- Theatrical release poster
- Directed by: Judy Lieff
- Produced by: Judy Lieff Steve Zeitlin;
- Starring: Aneta Brodski Tahani Salah;
- Cinematography: Melissa Donovan Claudia Raschke-Robinson;
- Edited by: Keiko Deguchi
- Distributed by: CINEPHIL
- Release date: March 13, 2011 (Thessaloniki Documentary Festival);
- Running time: 70 minutes
- Country: United States
- Language: English American Sign Language;

= Deaf Jam =

Deaf Jam is a 2011 documentary film directed and produced by American filmmaker Judy Lieff. The film centers on the experience of Aneta Brodski, a deaf teenager living in Queens, New York, who becomes immersed in the dynamic and three-dimensional form of American Sign Language poetry. When Aneta, an Israel-born ASL poet, eventually meets Tahani, a Palestinian, spoken word poet, the two begin to collaborate, creating a new form of poetry that gains recognition in deaf and hearing communities alike.
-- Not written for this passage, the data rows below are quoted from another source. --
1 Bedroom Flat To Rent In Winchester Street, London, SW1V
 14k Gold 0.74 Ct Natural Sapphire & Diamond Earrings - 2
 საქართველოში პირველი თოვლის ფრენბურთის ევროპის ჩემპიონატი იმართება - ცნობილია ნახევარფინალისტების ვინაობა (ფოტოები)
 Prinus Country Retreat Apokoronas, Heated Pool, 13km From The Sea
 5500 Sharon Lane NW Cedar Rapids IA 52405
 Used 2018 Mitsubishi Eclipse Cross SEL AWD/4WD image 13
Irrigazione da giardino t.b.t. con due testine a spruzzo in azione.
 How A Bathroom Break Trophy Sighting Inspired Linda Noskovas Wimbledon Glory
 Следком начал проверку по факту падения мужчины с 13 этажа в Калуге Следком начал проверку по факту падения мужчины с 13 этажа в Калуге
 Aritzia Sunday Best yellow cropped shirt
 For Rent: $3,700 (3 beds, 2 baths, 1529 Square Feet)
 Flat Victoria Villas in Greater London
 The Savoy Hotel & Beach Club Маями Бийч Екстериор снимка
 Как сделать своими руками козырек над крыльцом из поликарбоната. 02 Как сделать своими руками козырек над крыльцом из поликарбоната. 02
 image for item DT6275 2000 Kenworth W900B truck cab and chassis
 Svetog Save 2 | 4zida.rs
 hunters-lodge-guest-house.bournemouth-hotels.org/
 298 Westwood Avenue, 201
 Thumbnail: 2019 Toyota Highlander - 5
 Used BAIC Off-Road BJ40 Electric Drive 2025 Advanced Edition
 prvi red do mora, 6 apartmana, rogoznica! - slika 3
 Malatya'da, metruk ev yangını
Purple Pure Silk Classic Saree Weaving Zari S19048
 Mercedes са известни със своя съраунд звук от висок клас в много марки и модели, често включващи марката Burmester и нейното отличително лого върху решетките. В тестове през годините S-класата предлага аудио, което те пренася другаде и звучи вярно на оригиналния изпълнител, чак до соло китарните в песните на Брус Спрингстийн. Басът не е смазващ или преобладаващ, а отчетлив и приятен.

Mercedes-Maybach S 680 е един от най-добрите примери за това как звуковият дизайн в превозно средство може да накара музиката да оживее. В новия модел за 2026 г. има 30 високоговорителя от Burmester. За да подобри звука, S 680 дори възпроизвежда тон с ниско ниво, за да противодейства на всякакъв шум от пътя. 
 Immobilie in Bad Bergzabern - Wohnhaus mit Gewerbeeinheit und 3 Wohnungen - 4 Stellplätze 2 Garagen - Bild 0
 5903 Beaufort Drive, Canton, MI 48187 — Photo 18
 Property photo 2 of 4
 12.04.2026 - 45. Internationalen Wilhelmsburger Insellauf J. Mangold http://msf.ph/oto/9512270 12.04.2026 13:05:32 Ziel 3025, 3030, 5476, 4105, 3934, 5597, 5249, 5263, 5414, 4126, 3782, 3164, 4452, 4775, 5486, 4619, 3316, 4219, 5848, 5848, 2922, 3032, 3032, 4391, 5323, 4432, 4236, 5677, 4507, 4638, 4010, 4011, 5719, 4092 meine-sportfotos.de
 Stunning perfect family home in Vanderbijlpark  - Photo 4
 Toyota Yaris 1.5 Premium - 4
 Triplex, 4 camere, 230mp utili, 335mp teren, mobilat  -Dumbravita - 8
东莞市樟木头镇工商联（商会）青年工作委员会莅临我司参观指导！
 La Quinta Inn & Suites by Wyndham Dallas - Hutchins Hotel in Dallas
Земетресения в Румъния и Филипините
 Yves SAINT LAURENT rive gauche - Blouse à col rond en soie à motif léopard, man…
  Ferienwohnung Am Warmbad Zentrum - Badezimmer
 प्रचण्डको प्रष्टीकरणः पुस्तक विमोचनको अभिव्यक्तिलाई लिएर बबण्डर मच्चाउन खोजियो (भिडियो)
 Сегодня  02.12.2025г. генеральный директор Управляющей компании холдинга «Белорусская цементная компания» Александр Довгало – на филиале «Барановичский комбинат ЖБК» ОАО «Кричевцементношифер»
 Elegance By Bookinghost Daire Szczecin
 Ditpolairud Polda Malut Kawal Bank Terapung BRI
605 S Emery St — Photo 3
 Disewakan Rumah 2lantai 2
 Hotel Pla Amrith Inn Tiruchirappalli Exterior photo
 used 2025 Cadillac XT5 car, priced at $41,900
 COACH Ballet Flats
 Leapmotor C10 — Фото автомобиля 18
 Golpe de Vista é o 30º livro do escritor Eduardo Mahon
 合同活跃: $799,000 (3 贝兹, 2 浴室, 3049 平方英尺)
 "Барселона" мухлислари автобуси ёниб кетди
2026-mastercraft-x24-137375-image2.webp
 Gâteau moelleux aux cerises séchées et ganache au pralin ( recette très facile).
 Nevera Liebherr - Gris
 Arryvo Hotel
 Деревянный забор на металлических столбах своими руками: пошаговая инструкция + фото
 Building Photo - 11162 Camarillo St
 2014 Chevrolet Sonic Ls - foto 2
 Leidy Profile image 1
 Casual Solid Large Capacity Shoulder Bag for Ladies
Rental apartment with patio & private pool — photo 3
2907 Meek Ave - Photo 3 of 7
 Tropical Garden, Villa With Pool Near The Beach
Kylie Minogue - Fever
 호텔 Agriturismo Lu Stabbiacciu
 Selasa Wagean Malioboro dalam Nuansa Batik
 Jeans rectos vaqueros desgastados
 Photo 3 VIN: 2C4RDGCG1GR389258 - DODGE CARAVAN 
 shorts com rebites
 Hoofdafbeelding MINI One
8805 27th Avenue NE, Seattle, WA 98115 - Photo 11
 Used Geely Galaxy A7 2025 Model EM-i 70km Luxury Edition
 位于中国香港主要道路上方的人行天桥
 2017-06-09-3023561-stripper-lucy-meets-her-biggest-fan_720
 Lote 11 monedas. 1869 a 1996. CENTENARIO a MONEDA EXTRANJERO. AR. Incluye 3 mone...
Deaf Jam premiered on PBS's Independent Lens program, and was awarded the 2012 Japan Prize for the Best Work of the Youth Category.
"Deaf Jam" is a co-production of Made-By-Hand, LLC and the Independent Television Service (ITVS).

== Plot ==

Aneta Brodski is first exposed to American Sign Language (ASL) poetry through an after-school program at the Lexington School for the Deaf in Queens. Aneta is an Israeli immigrant, and unlike many of her classmates, was born to an all-Deaf family. She is dedicated to the study ASL poetry, and by the end of the first year, has begun to master the three-dimensional form and cultivate a strong poetic voice.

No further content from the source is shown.